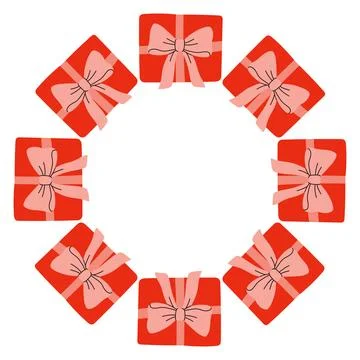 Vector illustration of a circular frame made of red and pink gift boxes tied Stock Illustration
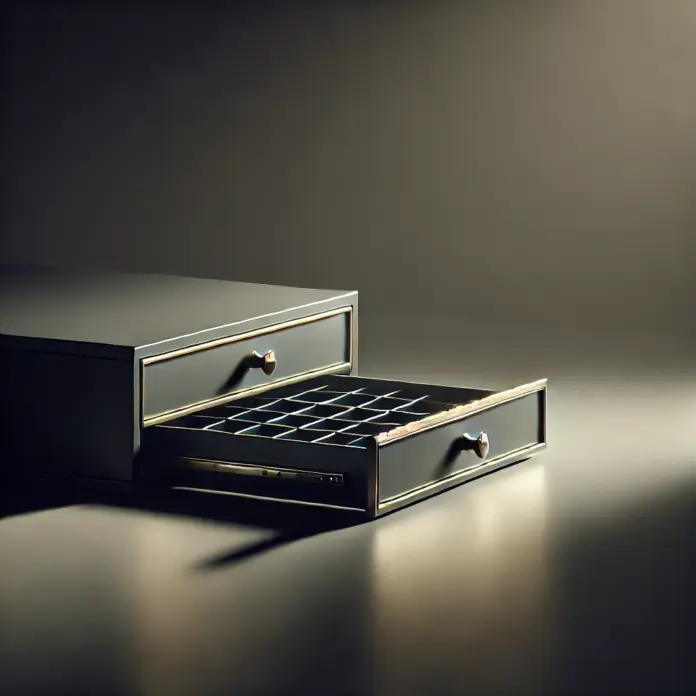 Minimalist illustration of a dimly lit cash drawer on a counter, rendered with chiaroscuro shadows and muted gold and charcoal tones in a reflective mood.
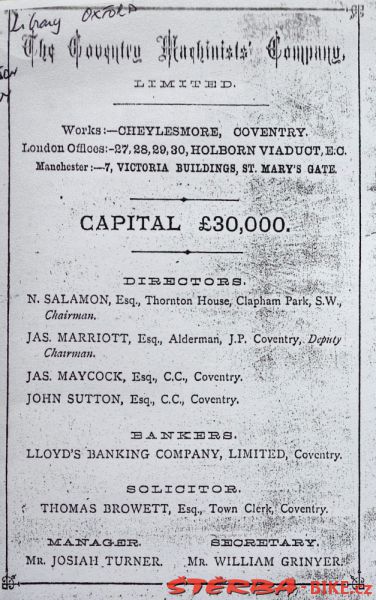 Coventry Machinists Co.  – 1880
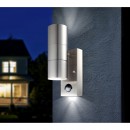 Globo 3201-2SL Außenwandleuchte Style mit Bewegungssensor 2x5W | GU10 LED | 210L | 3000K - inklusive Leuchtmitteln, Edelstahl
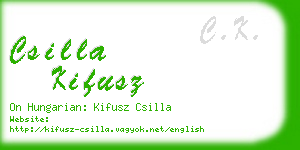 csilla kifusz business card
····················
• [The task] Using the data above, print every line exactly, omitting pictures.

• [Reply]
 Vector illustration of a circular frame made of red and pink gift boxes tied Stock Illustration
 Minimalist illustration of a dimly lit cash drawer on a counter, rendered with chiaroscuro shadows and muted gold and charcoal tones in a reflective mood.
 Coventry Machinists Co.  – 1880
 Globo 3201-2SL Außenwandleuchte Style mit Bewegungssensor 2x5W | GU10 LED | 210L | 3000K - inklusive Leuchtmitteln, Edelstahl
 csilla kifusz business card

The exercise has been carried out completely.